§ **TASK TO CARRY OUT**:
Exactly as they appear below, repeat the lines from the one with "The North Face" through the one with "cover_letter regulatory affairs cover letter", and no others.

(Saved entries)
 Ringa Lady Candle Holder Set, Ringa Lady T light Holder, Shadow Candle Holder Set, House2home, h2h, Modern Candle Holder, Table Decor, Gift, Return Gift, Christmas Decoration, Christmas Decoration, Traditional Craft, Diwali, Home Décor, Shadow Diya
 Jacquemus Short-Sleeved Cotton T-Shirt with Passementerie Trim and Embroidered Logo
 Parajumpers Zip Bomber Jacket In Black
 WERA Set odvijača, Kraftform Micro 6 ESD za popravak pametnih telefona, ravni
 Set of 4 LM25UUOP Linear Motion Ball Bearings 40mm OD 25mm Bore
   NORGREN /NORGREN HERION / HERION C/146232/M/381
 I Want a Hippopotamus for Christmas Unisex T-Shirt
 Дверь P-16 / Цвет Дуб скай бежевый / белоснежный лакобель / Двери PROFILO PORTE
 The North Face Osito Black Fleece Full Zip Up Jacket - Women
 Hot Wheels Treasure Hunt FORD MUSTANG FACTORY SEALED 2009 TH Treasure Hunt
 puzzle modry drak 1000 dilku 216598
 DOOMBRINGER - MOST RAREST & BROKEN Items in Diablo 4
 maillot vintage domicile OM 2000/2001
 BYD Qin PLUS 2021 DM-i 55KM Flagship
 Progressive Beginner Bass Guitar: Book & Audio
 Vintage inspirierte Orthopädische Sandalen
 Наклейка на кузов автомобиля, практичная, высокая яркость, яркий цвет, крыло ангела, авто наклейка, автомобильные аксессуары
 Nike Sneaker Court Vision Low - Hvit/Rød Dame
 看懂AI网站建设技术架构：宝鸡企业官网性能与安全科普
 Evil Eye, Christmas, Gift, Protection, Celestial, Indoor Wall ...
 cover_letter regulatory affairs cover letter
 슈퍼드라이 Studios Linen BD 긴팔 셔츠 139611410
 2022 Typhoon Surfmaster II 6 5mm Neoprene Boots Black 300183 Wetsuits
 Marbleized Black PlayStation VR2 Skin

§ **RESULT**:
 The North Face Osito Black Fleece Full Zip Up Jacket - Women
 Hot Wheels Treasure Hunt FORD MUSTANG FACTORY SEALED 2009 TH Treasure Hunt
 puzzle modry drak 1000 dilku 216598
 DOOMBRINGER - MOST RAREST & BROKEN Items in Diablo 4
 maillot vintage domicile OM 2000/2001
 BYD Qin PLUS 2021 DM-i 55KM Flagship
 Progressive Beginner Bass Guitar: Book & Audio
 Vintage inspirierte Orthopädische Sandalen
 Наклейка на кузов автомобиля, практичная, высокая яркость, яркий цвет, крыло ангела, авто наклейка, автомобильные аксессуары
 Nike Sneaker Court Vision Low - Hvit/Rød Dame
 看懂AI网站建设技术架构：宝鸡企业官网性能与安全科普
 Evil Eye, Christmas, Gift, Protection, Celestial, Indoor Wall ...
 cover_letter regulatory affairs cover letter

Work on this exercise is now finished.